■ **Records supplied**

============================================================

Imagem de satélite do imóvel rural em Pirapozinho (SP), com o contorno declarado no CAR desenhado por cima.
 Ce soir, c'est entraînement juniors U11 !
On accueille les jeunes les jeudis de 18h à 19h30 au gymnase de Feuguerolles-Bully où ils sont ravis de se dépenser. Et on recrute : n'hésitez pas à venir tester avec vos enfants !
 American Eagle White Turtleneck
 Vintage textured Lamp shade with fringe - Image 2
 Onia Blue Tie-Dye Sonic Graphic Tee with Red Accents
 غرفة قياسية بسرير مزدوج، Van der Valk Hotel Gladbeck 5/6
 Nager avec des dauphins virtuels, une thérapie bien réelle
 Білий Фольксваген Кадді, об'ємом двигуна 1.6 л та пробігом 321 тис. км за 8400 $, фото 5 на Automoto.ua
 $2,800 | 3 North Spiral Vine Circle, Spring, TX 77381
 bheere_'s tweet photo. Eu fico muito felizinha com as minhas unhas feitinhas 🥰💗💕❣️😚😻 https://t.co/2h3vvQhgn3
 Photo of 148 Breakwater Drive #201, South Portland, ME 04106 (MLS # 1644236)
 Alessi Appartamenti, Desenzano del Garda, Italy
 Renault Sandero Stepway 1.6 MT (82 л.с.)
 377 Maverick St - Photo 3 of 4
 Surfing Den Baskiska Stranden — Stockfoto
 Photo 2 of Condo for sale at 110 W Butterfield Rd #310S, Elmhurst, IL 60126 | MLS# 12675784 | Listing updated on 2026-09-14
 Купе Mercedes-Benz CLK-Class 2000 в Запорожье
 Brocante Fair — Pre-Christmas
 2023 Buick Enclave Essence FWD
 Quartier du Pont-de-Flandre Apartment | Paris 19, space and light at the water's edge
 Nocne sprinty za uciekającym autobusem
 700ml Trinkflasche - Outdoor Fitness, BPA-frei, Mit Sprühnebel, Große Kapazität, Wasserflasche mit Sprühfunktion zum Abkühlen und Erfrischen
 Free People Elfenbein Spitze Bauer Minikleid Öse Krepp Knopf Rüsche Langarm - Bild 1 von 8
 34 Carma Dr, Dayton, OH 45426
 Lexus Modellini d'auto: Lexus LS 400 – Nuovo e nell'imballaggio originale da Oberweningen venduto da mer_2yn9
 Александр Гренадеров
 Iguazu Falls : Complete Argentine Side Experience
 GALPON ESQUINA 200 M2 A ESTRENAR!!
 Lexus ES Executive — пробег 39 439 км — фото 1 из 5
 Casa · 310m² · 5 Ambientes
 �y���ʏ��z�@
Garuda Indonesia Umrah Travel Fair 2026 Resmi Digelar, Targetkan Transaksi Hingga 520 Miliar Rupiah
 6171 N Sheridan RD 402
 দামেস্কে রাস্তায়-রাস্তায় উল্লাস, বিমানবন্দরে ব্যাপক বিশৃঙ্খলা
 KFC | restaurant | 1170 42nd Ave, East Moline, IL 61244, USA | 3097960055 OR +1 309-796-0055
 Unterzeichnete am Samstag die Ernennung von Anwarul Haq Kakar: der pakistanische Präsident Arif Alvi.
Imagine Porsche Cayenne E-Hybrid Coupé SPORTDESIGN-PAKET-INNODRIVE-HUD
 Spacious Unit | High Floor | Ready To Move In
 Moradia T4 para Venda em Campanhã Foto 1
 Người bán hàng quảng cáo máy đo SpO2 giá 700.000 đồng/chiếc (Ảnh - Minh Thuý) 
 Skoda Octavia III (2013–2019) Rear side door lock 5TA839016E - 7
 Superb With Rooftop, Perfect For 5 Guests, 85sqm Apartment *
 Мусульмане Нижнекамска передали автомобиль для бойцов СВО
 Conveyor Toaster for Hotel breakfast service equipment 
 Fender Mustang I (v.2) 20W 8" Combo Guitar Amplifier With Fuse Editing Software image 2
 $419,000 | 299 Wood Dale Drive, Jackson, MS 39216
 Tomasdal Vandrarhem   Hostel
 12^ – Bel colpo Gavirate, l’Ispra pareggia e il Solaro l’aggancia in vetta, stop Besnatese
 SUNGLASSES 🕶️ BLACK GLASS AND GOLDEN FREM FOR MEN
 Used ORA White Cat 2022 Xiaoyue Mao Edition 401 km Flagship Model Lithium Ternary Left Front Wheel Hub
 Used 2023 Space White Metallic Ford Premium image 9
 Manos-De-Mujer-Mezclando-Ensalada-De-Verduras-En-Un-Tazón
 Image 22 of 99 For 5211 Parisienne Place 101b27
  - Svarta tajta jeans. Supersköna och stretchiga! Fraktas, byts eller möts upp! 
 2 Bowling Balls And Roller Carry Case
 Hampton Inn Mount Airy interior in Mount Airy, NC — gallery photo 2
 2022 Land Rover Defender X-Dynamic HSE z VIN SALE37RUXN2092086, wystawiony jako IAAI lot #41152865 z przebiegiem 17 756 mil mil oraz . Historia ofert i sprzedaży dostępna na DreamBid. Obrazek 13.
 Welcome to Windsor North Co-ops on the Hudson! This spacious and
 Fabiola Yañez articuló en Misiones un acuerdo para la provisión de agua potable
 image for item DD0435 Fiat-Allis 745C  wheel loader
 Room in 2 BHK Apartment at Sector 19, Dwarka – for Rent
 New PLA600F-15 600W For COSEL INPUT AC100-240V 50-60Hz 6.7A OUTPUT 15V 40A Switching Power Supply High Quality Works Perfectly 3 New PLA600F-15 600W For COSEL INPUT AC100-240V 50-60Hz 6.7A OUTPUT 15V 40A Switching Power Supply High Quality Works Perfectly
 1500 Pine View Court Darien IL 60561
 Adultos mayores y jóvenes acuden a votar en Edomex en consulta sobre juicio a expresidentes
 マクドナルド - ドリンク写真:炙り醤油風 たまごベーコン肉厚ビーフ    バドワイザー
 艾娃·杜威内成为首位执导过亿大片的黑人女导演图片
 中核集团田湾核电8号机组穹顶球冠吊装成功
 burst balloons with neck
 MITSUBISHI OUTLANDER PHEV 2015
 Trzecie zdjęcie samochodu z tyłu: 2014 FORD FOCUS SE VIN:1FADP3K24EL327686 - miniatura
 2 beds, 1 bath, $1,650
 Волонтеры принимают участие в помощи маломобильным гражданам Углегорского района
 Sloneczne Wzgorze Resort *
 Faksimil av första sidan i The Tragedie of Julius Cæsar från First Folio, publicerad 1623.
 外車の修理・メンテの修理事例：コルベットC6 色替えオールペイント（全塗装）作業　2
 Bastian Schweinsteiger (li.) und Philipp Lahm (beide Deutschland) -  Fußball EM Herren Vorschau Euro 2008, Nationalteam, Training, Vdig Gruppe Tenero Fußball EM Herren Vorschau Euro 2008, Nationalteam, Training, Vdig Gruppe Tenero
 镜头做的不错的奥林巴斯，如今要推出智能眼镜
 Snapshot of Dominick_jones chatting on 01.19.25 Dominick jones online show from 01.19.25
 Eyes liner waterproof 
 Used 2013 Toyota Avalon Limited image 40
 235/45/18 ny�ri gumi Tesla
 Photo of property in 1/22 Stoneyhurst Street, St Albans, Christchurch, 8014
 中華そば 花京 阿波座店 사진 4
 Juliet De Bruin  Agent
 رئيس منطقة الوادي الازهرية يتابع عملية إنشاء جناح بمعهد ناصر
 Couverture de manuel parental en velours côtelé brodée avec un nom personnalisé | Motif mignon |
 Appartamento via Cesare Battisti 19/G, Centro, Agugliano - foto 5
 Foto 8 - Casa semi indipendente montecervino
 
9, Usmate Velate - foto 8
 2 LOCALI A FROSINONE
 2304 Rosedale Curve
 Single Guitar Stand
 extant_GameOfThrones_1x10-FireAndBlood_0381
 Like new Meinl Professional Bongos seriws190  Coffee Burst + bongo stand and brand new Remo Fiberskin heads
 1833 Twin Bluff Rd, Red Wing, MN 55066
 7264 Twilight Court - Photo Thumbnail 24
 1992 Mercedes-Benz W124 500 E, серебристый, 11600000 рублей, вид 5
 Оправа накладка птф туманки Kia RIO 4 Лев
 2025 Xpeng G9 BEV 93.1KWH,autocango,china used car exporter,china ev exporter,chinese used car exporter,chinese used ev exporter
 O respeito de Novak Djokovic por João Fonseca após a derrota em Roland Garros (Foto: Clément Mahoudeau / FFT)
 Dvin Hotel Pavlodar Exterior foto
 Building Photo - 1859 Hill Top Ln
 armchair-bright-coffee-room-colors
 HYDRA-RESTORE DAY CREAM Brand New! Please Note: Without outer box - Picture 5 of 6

============================================================

Please write out, exactly as they appear above, only the lines in the stretch from the line with "镜头做的不错的奥林巴斯，如今要推出智能眼镜" through the line with "Juliet De Bruin".

■ **Output below**
 镜头做的不错的奥林巴斯，如今要推出智能眼镜
 Snapshot of Dominick_jones chatting on 01.19.25 Dominick jones online show from 01.19.25
 Eyes liner waterproof 
 Used 2013 Toyota Avalon Limited image 40
 235/45/18 ny�ri gumi Tesla
 Photo of property in 1/22 Stoneyhurst Street, St Albans, Christchurch, 8014
 中華そば 花京 阿波座店 사진 4
 Juliet De Bruin  Agent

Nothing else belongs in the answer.